LONDON (Reuters) – Investors poured the most cash into China funds since July 2015, BofA said on Friday, even as fears grew of a repeat of the 2015-16 bubble that saw the benchmark Shanghai index fall more than 40% from its peak in just a few weeks.
This week’s $6.1 billion directed into China funds was the second largest ever, BofA added, citing data from EPFR global.
Chinese funds also led equity inflows, receiving inflows equal to 2.5% of assets under management, compared to just 0.1% globally, the bank said.
Shares in the blue-chip CSI300 index have risen to levels not seen since the 2015 bubble, supported by hopes of an economic recovery, a conducive regulatory environment and retail investor enthusiasm.
Chinese state-run media, previously encouraging the rally, warned on Thursday that investors should respect the market, manage risks and pursue rational investments, after regulators published a list of illegal margin lending platforms in an apparent move to calm markets.
That paused the stock rally on Friday, the session ending lower for the first time since June 29, after the country’s state funds announced stake cuts in companies.
“It’s not the first time we’ve seen moves of this magnitude and it doesn’t typically end well,” said Craig Erlam, senior market analyst at OANDA.
“If we continue to see these efforts to encourage participation, I would be surprised if we don’t continue to see inflows.

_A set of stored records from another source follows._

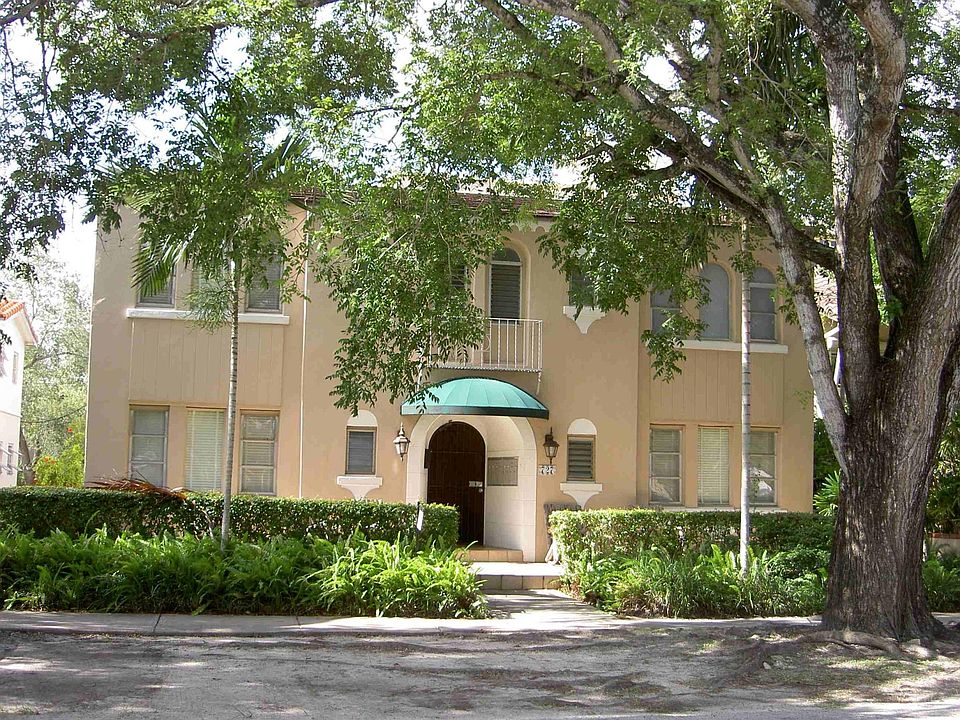 1st image of 727 Almeria Ave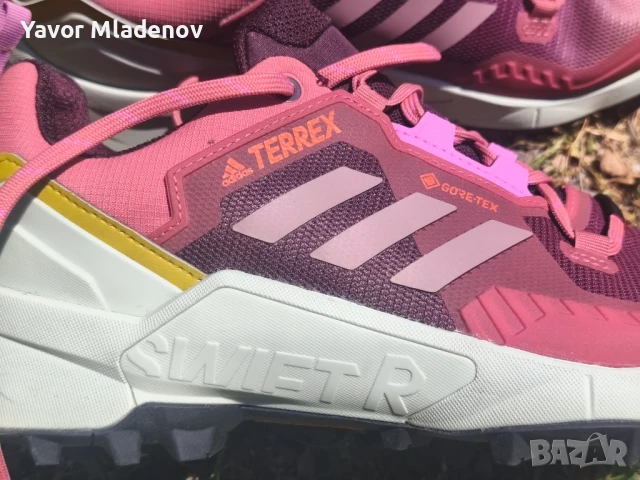 Туристически маратонки adidas Gore Tex чисто нови 42 номер унисекс., снимка 10 - Спортни обувки - 50619783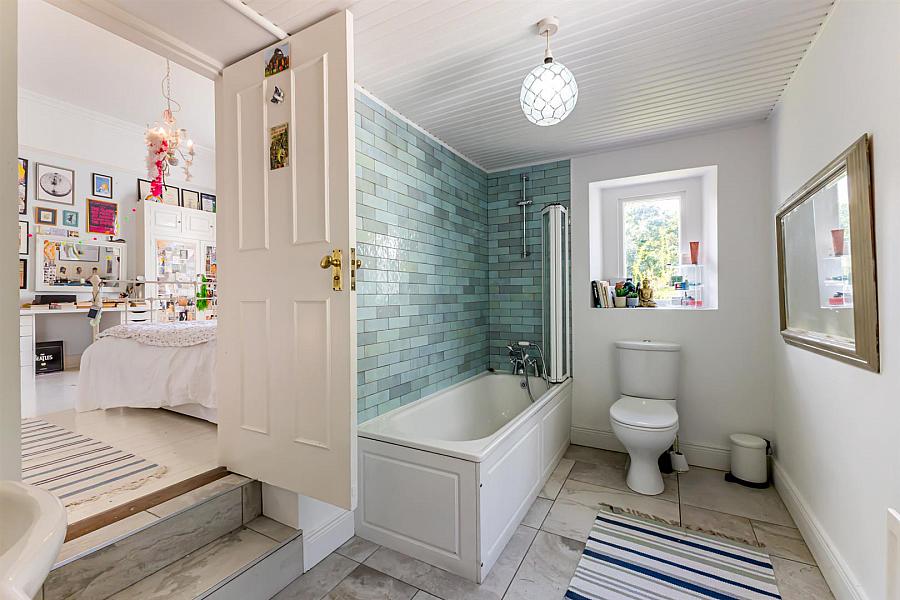 Highlands, 37 Farranfad Road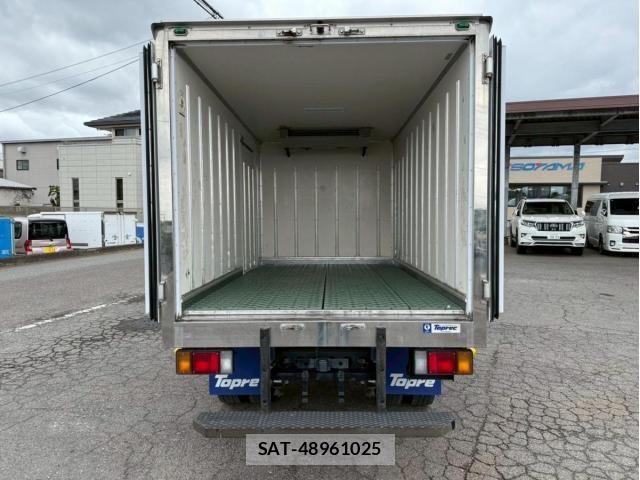 Isuzu ELF TRUCK 2020-09 7616366-5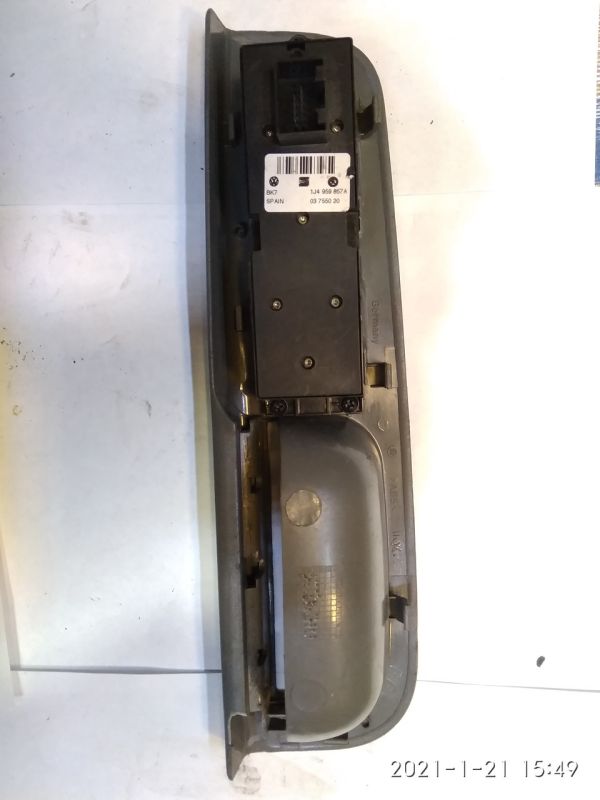 Блок управления стеклоподъёмниками Volkswagen Golf 4, Bora, Skoda Octavia MK1, 1J4 959 857 A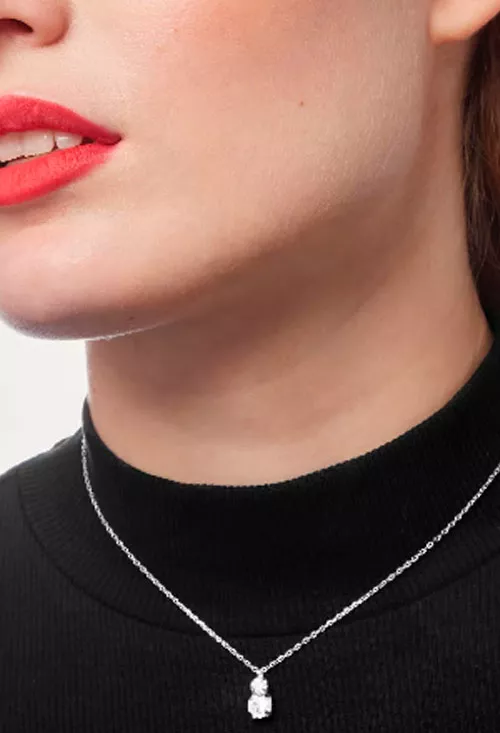 Gargantilla de plata con 2 circonitas y cadena forzada 273_A3752-07HG puesta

People don’t like to miss out on rallies like these, which is one of the things that makes them so dangerous.”
BofA’s report also showed weekly flows of $29.4 billion into cash funds, $17.8 billion into bonds funds, $6.2 billion into equities funds and $2.4 billion into gold funds. Emerging markets bonds saw their first inflow in four weeks.
The bank sees “cross asset sentiment moving quickly away from ‘extreme bearish’”, citing its Bull & Bear indicator, that tracks positioning.